Atlanticism and Rabiism are both reactionary by their very nature. Atlanticism has made the Turkish capitalist state the bulwark of the defence of imperialist interests in the Middle East. Rabiism, on the other hand, is no anti-imperialism. It is the political programme of a class (or class fraction) that wishes to restore its right to plunder a part of the world on the basis of a reactionary ideology and it is despotic through and through. Nonetheless, should war break out between the masters of NATO and Turkey, Marxists in our opinion are duty-bound to come out against imperialism, without a shred of political support to Rabiism and Erdogan and through independent military means of their own, if this is achievable.
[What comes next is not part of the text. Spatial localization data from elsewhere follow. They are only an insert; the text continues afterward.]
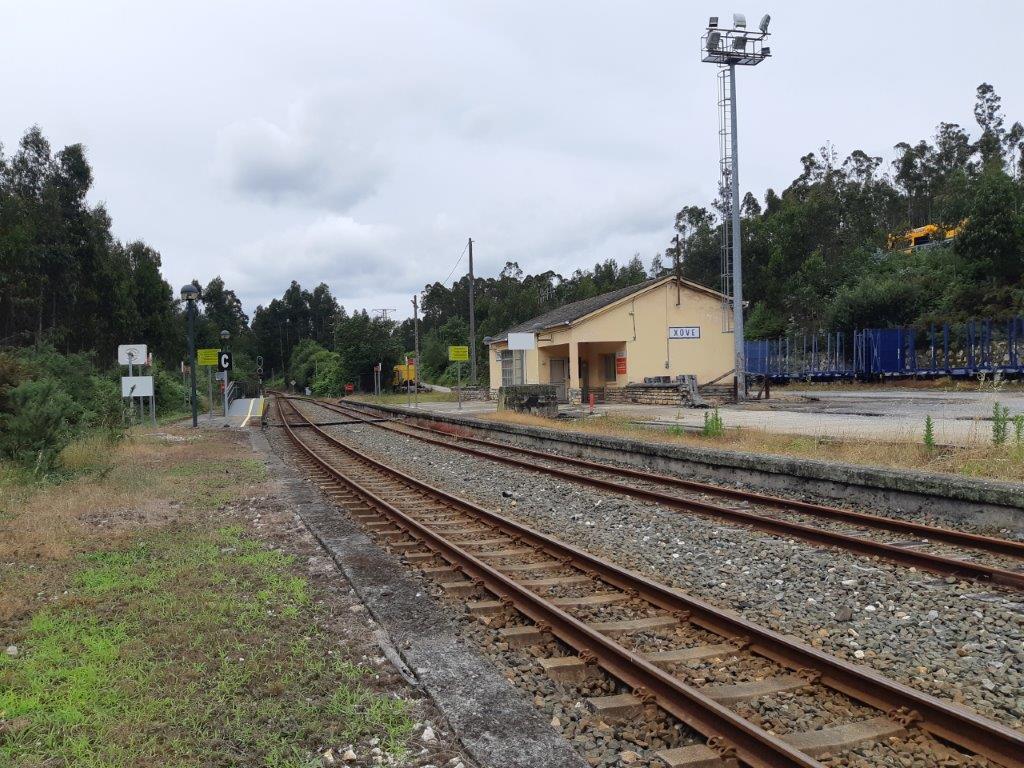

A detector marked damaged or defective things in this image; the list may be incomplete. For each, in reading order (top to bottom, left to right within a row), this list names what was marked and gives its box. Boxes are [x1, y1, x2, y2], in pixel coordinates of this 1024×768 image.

rusty railway track [270, 396, 1024, 768]
rusty railway track [296, 392, 1024, 592]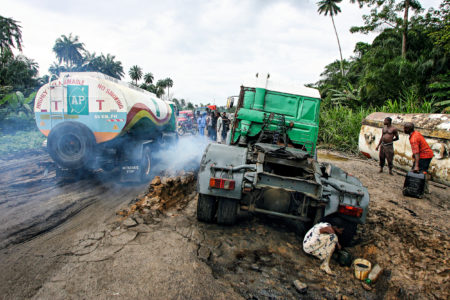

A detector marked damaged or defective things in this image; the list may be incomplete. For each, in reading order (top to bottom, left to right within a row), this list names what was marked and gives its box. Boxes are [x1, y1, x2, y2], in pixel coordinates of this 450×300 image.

damaged road [0, 150, 450, 300]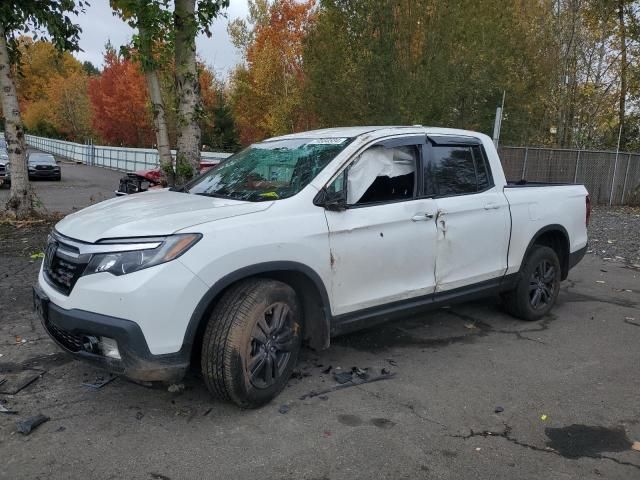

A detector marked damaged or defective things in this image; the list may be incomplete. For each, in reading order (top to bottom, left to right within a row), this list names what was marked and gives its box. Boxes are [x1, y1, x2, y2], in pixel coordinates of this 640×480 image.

cracked windshield [188, 137, 350, 201]
damaged driver door [322, 136, 438, 316]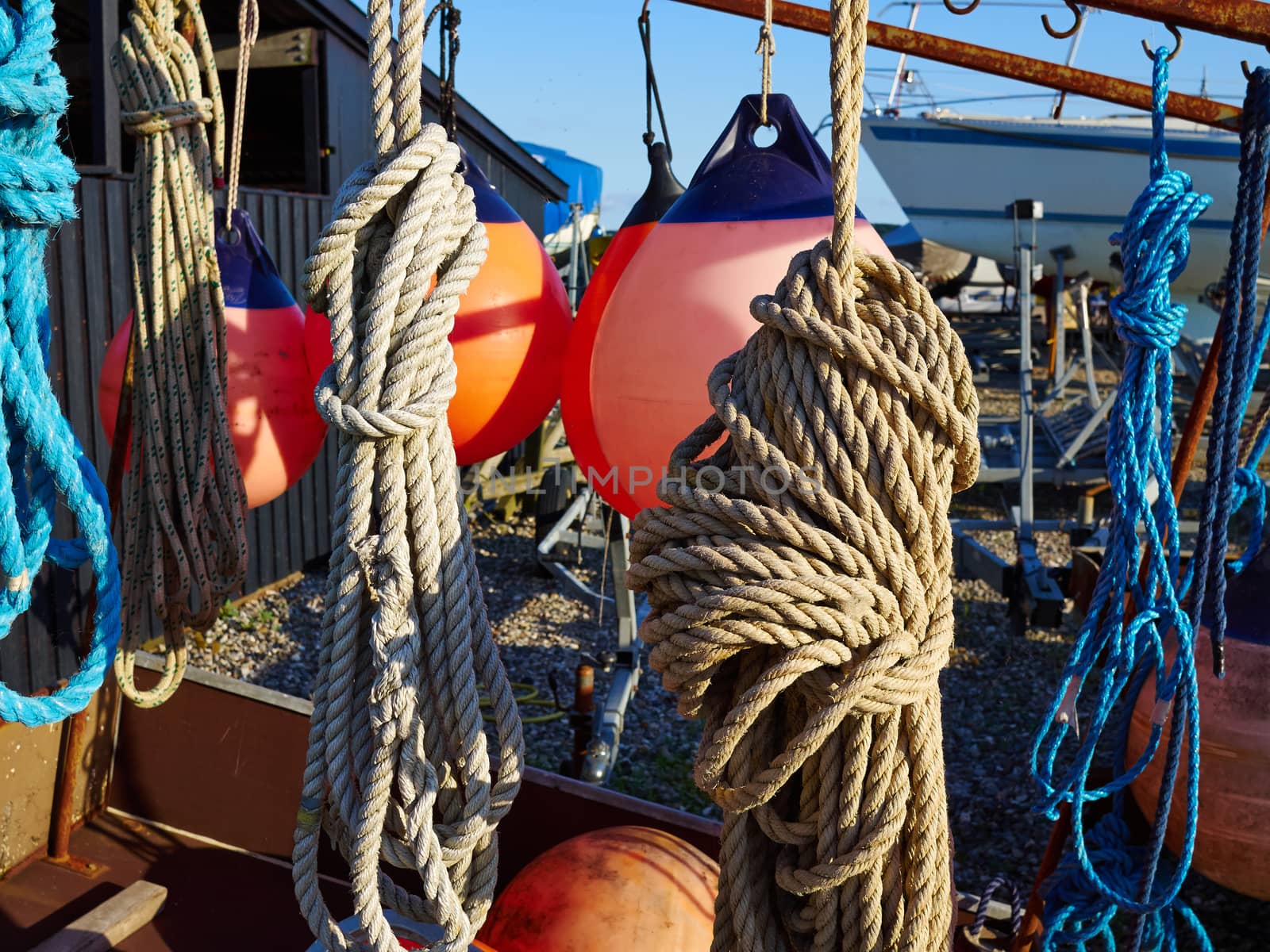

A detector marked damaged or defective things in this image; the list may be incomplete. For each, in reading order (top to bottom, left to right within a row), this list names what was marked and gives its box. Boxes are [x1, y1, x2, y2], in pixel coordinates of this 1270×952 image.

rusty metal beam [670, 0, 1245, 131]
rusted metal frame [670, 0, 1245, 132]
rusted metal frame [47, 314, 137, 873]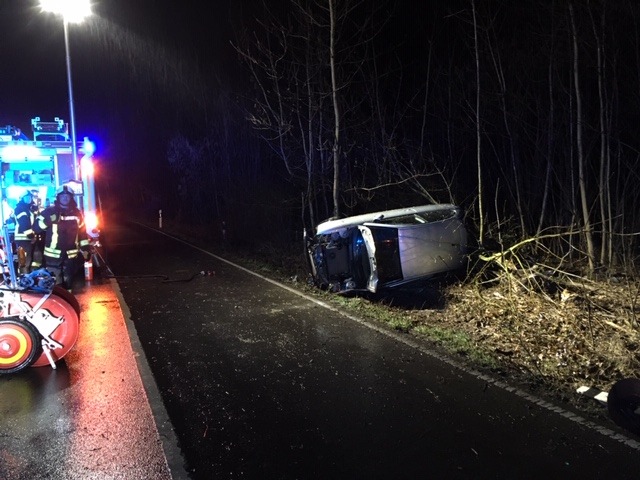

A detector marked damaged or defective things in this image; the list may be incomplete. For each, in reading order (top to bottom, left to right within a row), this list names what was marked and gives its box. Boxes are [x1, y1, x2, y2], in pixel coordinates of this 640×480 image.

overturned car [302, 202, 468, 292]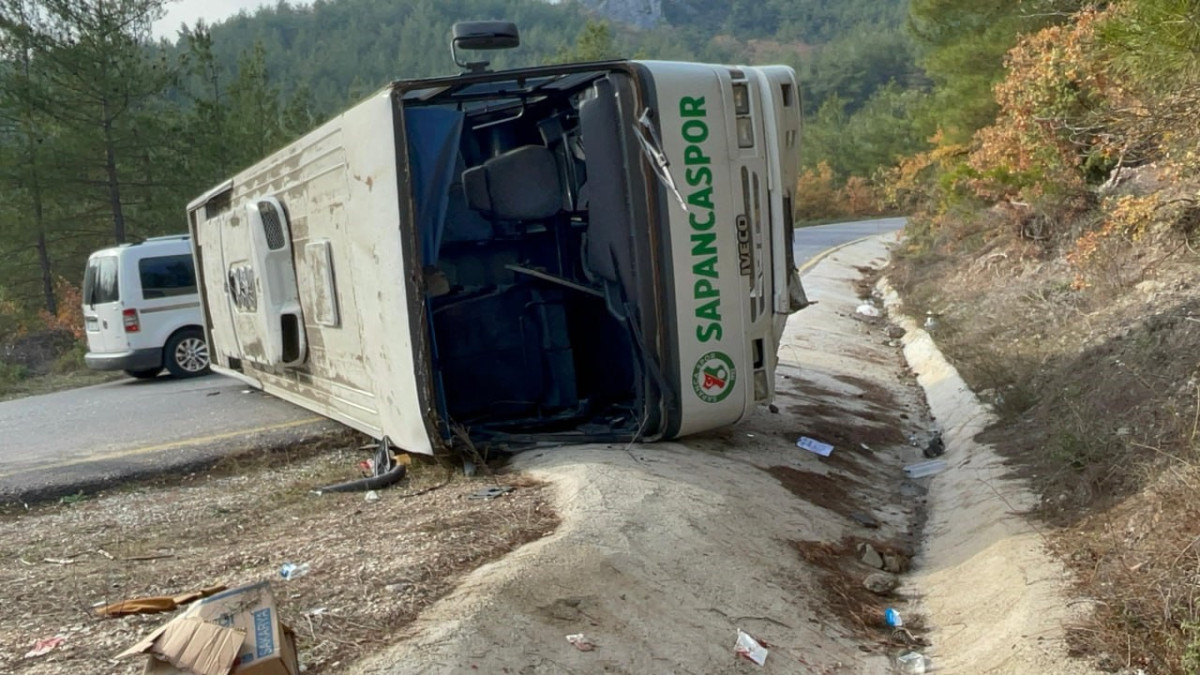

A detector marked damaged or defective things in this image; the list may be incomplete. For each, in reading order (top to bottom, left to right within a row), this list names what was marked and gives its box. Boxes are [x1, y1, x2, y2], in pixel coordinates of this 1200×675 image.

overturned bus [185, 21, 808, 456]
damaged bus interior [404, 67, 664, 444]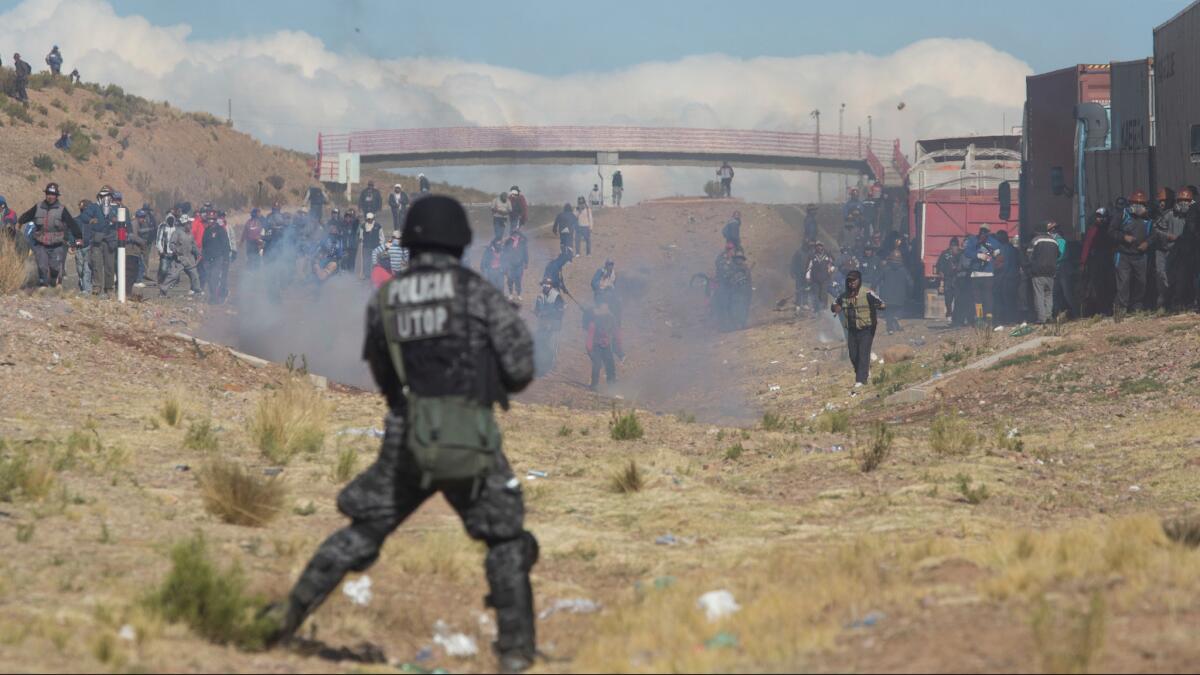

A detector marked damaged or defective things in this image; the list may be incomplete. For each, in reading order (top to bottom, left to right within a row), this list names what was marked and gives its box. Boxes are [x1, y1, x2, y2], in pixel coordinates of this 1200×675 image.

rusty container wall [1027, 66, 1084, 239]
rusty container wall [1104, 58, 1152, 150]
rusty container wall [1152, 2, 1200, 192]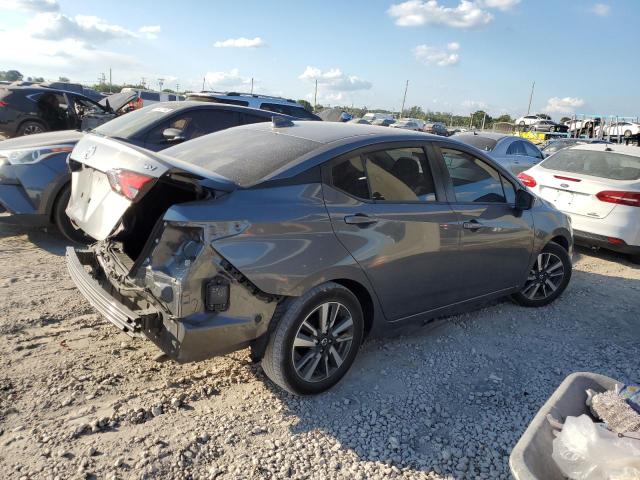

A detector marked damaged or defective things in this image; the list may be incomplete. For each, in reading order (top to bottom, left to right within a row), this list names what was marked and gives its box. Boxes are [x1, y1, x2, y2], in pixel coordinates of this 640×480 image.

broken taillight housing [106, 169, 155, 201]
damaged rear bumper [66, 246, 278, 362]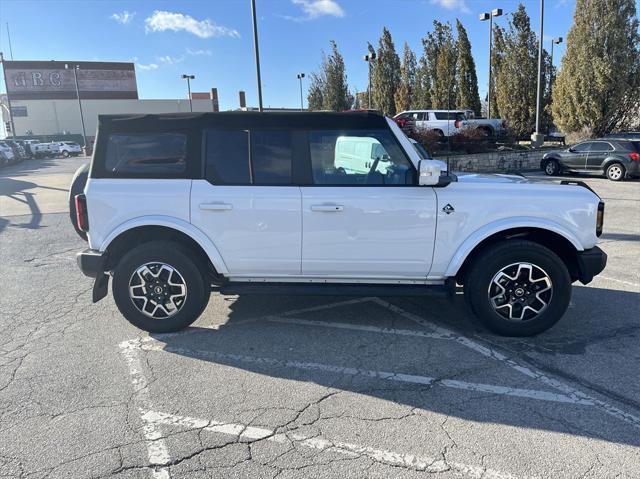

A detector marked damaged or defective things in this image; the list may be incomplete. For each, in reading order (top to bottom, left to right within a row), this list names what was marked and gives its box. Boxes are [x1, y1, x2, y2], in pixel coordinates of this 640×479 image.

cracked asphalt [0, 157, 636, 476]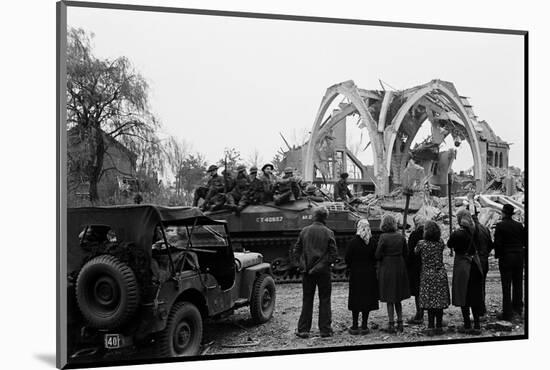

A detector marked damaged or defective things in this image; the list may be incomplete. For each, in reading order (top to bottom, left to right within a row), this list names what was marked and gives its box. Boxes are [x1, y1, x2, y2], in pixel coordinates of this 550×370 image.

damaged building [282, 79, 516, 197]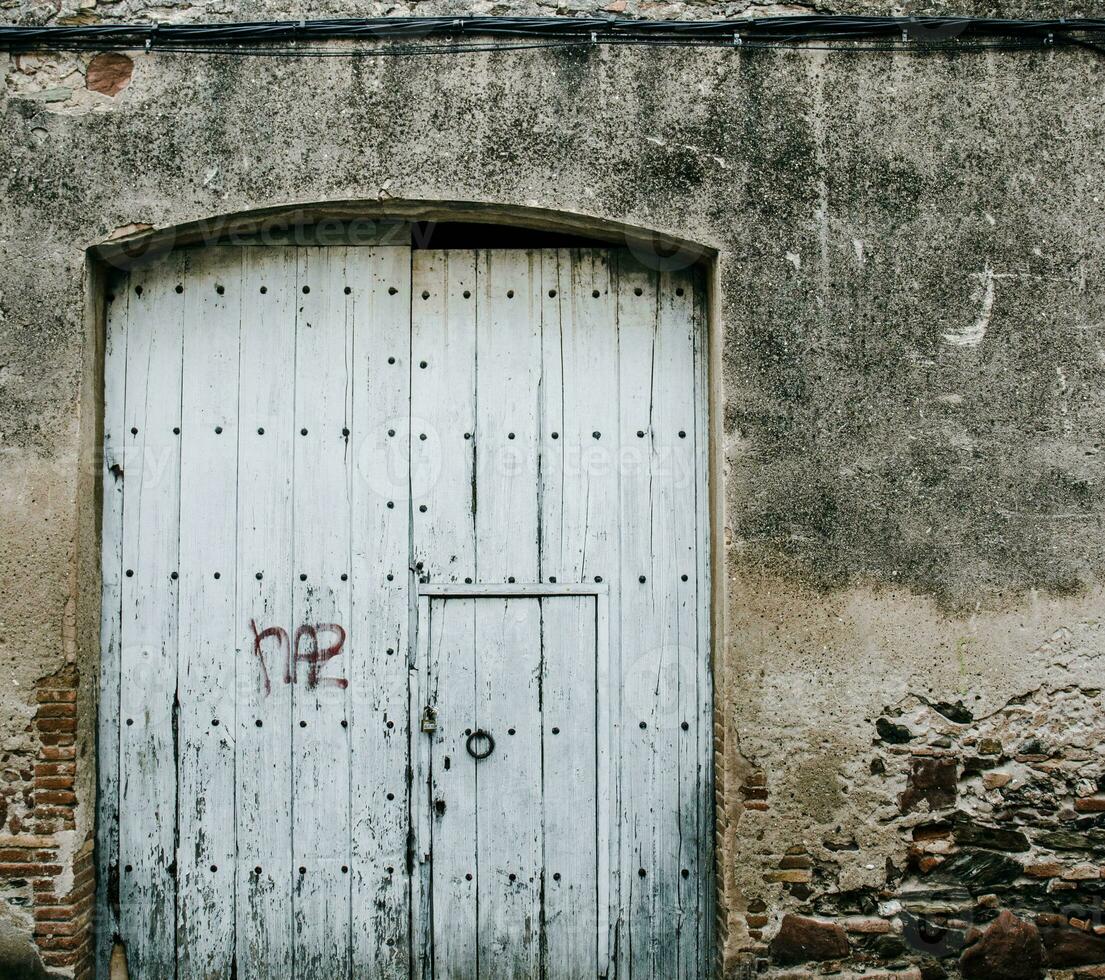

So we are now facing two reactionary alternatives. Up until recently, there was certainly another alternative emerging in the horizon. Turkey was shaken by three momentous social movements in the space of two years: the people’s uprising of June-September 2013, the Kurdish serhildan (revolt in Kurdish) connected to the defence of Kobanê in Syria against the forces of ISIL between 6-12 October 2014, and the metalworkers’ wildcat strike that gripped tens of thousands of workers in May-June 2015. However, the deep divisions between these movements, the misplaced policies of the Kurdish movement and the deplorable lack of leadership of the working class movement have combined to lead to a situation where despite these remarkable episodes of social struggle, the exploited and oppressed masses have not been able to form an alternative organisational pole and an alternative programme.
Yet it is too early to say if the potential that burst forth in those memorable episodes is totally spent. Surely, the only way to save the country from internecine slaughter is to count on that potential and tirelessly build a third alternative to the twin dangers of Atlanticism and Rabiism.